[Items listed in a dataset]
::::::

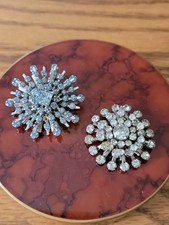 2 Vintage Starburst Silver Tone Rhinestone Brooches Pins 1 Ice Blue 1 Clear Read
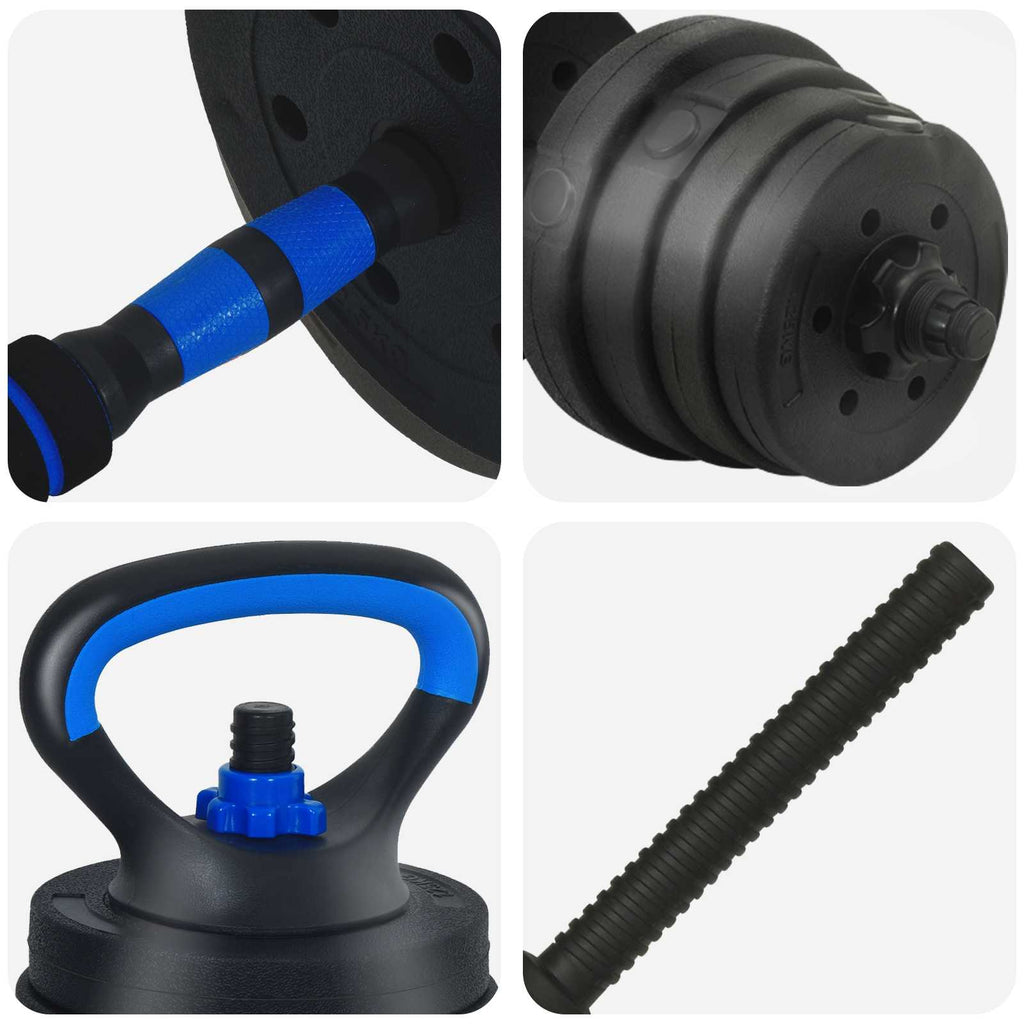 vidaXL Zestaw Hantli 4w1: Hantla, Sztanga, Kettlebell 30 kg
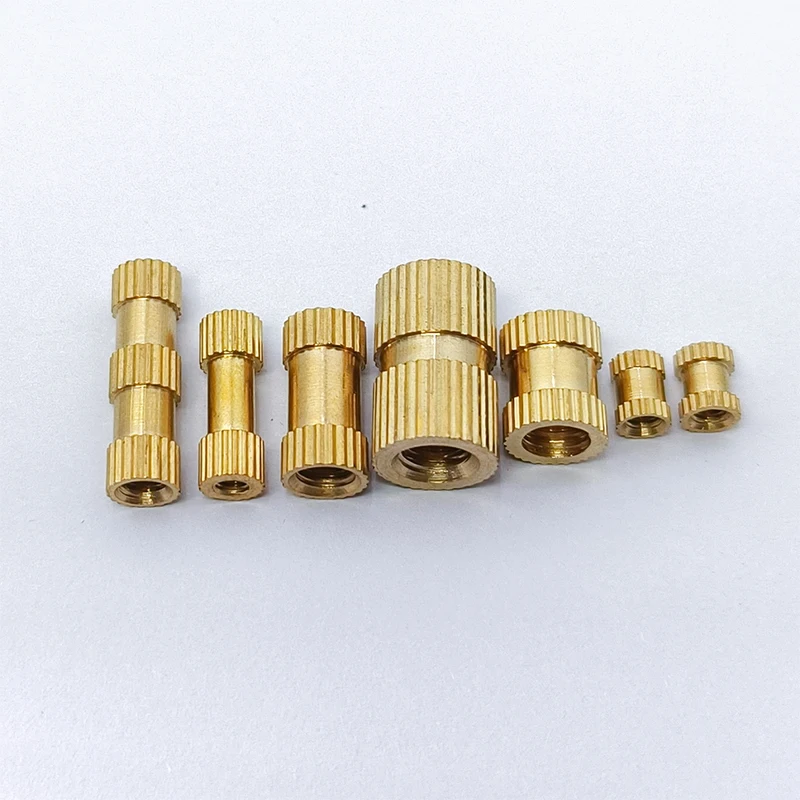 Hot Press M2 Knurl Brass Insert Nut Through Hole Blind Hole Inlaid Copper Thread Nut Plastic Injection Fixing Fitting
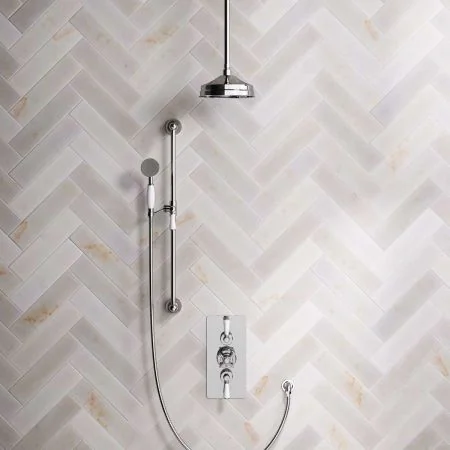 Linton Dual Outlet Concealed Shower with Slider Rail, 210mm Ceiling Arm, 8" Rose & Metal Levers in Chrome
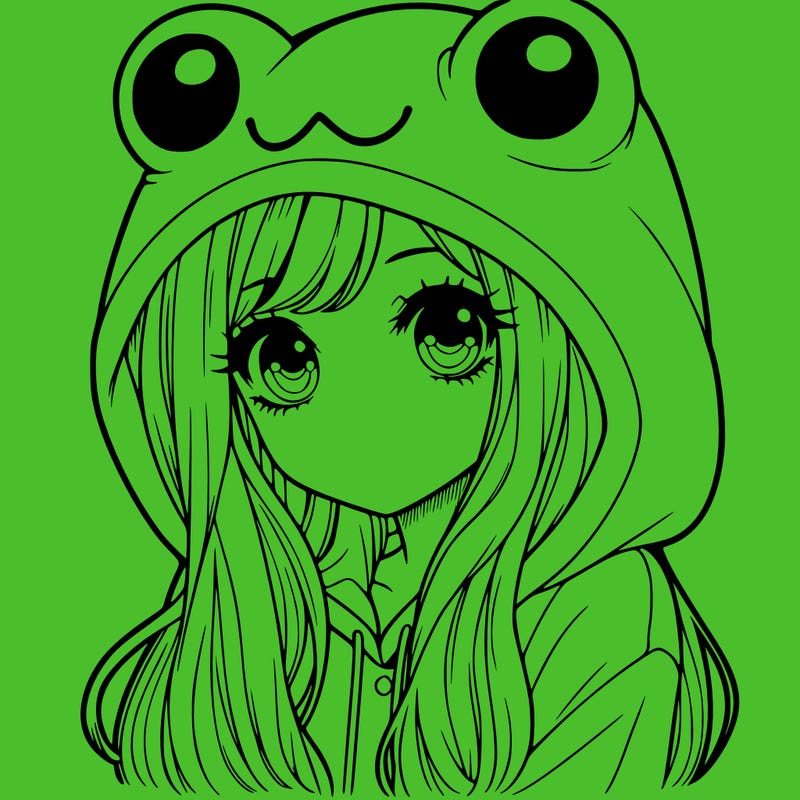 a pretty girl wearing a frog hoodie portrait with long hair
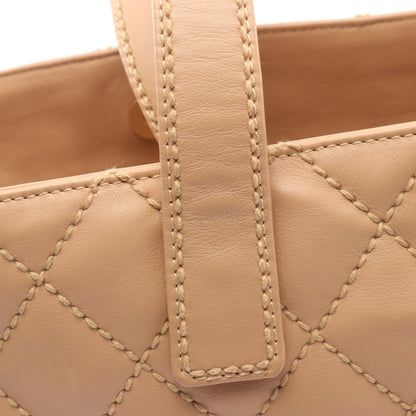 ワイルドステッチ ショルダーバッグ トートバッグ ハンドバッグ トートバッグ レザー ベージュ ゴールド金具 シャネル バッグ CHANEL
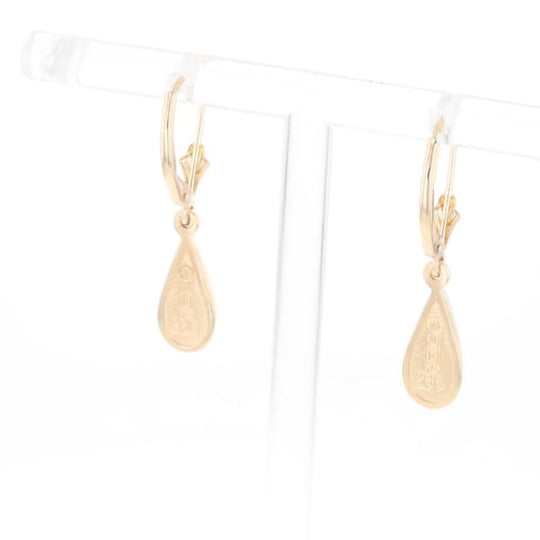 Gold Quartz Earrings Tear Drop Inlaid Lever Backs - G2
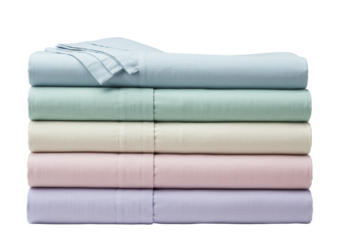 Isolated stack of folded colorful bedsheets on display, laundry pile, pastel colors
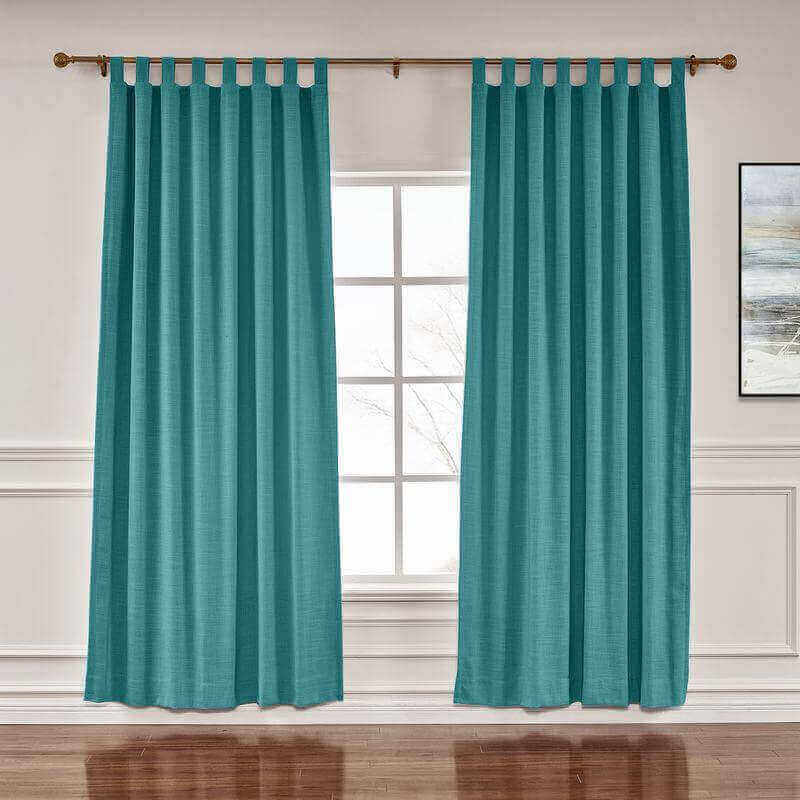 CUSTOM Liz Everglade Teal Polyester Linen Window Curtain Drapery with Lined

::::::

*Your instructions:*
Word for word, restate each line above, minus its pictures.

*Exercise output:*
 2 Vintage Starburst Silver Tone Rhinestone Brooches Pins 1 Ice Blue 1 Clear Read
 vidaXL Zestaw Hantli 4w1: Hantla, Sztanga, Kettlebell 30 kg
 Hot Press M2 Knurl Brass Insert Nut Through Hole Blind Hole Inlaid Copper Thread Nut Plastic Injection Fixing Fitting
 Linton Dual Outlet Concealed Shower with Slider Rail, 210mm Ceiling Arm, 8" Rose & Metal Levers in Chrome
 a pretty girl wearing a frog hoodie portrait with long hair
 ワイルドステッチ ショルダーバッグ トートバッグ ハンドバッグ トートバッグ レザー ベージュ ゴールド金具 シャネル バッグ CHANEL
 Gold Quartz Earrings Tear Drop Inlaid Lever Backs - G2
 Isolated stack of folded colorful bedsheets on display, laundry pile, pastel colors
 CUSTOM Liz Everglade Teal Polyester Linen Window Curtain Drapery with Lined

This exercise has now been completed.